All funds received by the Foundation and not otherwise employed shall be deposited to the credit of the Foundation in such banks, trust companies or other depositories as the Board of Directors may select, and shall be subject to withdrawal on written order of such person or persons as may be designated by the Board of Directors.

Section 4. Bonds.

The Board of Directors may require any officer, agent or employee of the Foundation to give a bond to the Foundation, conditioned upon the faithful discharge of his/her duties, with one or more sureties and in such amount as may be satisfactory to the Board of Directors.
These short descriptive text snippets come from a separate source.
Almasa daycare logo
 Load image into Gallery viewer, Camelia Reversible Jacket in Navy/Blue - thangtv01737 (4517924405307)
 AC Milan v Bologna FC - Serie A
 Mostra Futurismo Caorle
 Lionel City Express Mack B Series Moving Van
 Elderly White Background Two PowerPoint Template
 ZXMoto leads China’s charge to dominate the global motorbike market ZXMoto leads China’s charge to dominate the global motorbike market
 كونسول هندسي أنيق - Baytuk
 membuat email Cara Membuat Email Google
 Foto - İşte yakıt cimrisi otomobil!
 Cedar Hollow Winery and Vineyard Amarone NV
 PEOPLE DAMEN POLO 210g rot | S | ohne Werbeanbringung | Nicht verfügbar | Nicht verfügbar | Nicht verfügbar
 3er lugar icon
Section 5. Books and Records.

The Foundation shall keep correct and complete books and records of account and shall also keep minutes of the proceedings of its Board of Directors (and committees having any of the authority of the Board of Directors), and shall keep at the registered or principal office a record giving the names and addresses of the Board of Directors and the officers of the Foundation. All books and records of the Foundation may be inspected by any director, his/her agent or attorney for any proper purpose at any reasonable time.

ARTICLE VI - MISCELLANEOUS PROVISIONS

Section 1. Fiscal Year.

The fiscal year of the Foundation shall begin on the 1st day of January and end on the 31st day of December of each year.

Section 2. Seal.

The seal of the Foundation shall be in the form of a circle and shall bear the name of the Foundation and the words "Corporate Seal -1998 Maryland."

Section 3. Amendment of By-Laws.

The Board of Directors may amend or repeal these By-Laws at any meeting.

Section 4. Indemnification.

The Foundation shall indemnify any person who was or is a party or is threatened to be made a party to any threatened, pending or completed action, suit or proceeding, whether civil, criminal, administrative or investigative, by reason of the fact that he/she is or was a director, officer, employee, or agent of the Foundation, or is or was serving at the request of the Foundation, as a director, officer, employee, or agent of another corporation, partnership, joint venture, trust or other enterprise, against expenses (including attorney's fees), judgments, fines and amounts paid in settlement by her/him in connection with such action, suit or proceeding to the full extent permitted by the laws of Maryland. Expenses incurred in defending a suit, proceeding of civil or criminal action shall be paid by the Foundation in advance of the final disposition of such action, suit or proceeding to the extent, if any, authorized by the Board of Directors, in accordance with the provisions of the laws of Maryland, upon receipt of an undertaking by or on behalf of the director, officer, employee or agent to repay such amount unless it shall ultimately be determined that he/she is entitled to be indemnified by the Foundation. Notwithstanding any other, provision hereof, the Foundation shall in no event indemnify any person otherwise entitled to such indemnification if (i) such indemnification would constitute "self-dealing" as defined in Section 4941 of the Internal Revenue Code of 1986, as amended from time to time, or the corresponding provision of any future federal tax law, or (ii) such person is finally adjudicated, in the action, suit or proceeding as to which indemnification is sought, to have committed willful misconduct.

Bylaws are as amended by the EEF Board on February 17, 2011.